The cool girls are bringing ’90s hair to the French Riviera. At this year’s Cannes Film Festival, we’ve seen Dua Lipa’s mall bangs channel Pam Anderson and Helen Mirren’s blue dye job make her the queen of red-carpet grunge. Only adding to the fever around fashion’s favorite era are the actors and models—namely, Laura Harrier, Iris Law, and The White Lotus’s Simona Tabasco—serving up slicked, flipped hair. It was at the premiere of Hirokazu Kore-eda’s film Monster last week that the aforementioned trio aligned on the elevated wet-look style.
In a floral Lanvin gown and her shoulder-length lob swept back with a single loose tendril, Tabasco evoked a Death Becomes Her-era Isabella Rossellini. And in sheer Saint Laurent, Iris Law’s side-parted bleached crop supplied no-nonsense polish with help from a burgundy lip. And steps away in a black Saint Laurent column dress, White Men Can’t Jump’s Laura Harrier wore a fresh adaptation of the symmetrical “film star flip” that her hairstylist Lacy Redway created for the actor’s Met Gala and Vanity Fair Oscar party appearances this year.

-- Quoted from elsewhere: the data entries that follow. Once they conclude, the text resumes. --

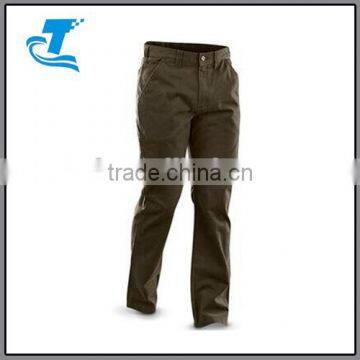 Hottest Twill Carpenter Pants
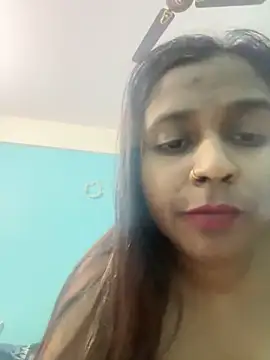 lustyswetha online show from 10-06-25, 09:45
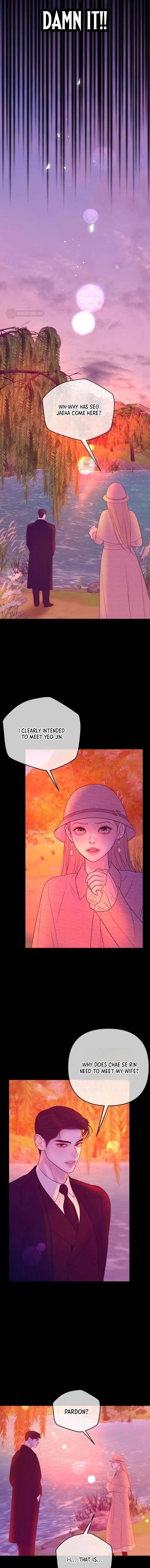 ch 60 12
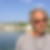 Photo de profil de Michel Arquez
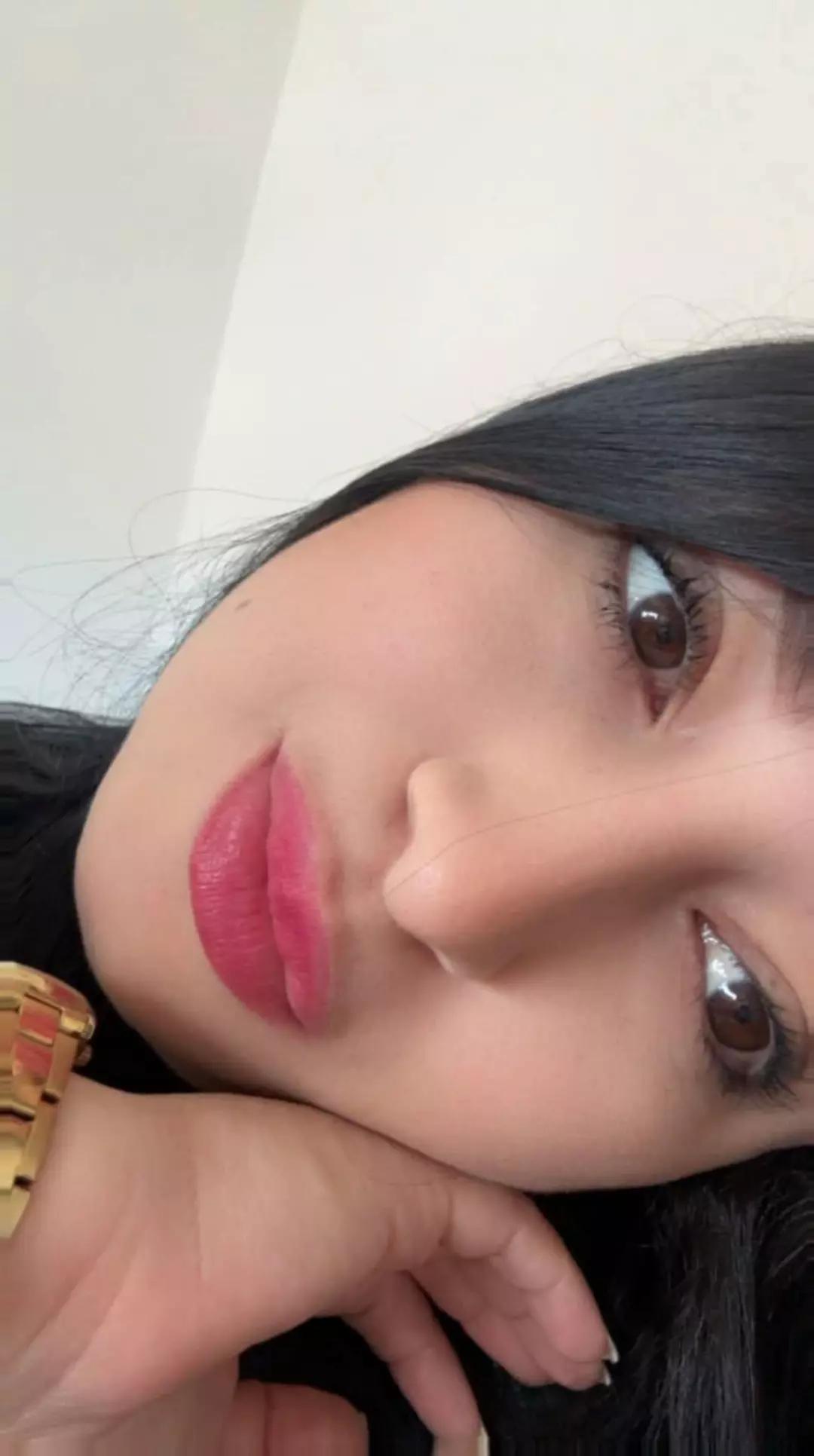@572057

“This shape has become a staple for Laura and I in our collaboration,” says Redway, adding that she loves referencing classic Hollywood-inspired hairstyles on the red carpet. “The flip is inspired by versions worn in the ’60s that keep getting reinvented over time; in the ’90s, then the rebirth we are seeing now.” She points to the look as an “elegant way” to accent bare shoulders and has been workshopping iterations “with modern flairs like kiss curls, strong finishings, and dramatic, graphic angles.” Though for a star roaming La Croisette surrounded by paparazzi, Harrier’s easy Cannes version has its own appeal : “It looks amazing as a side profile,” Redway says. All the better for pretending you don’t notice the attention.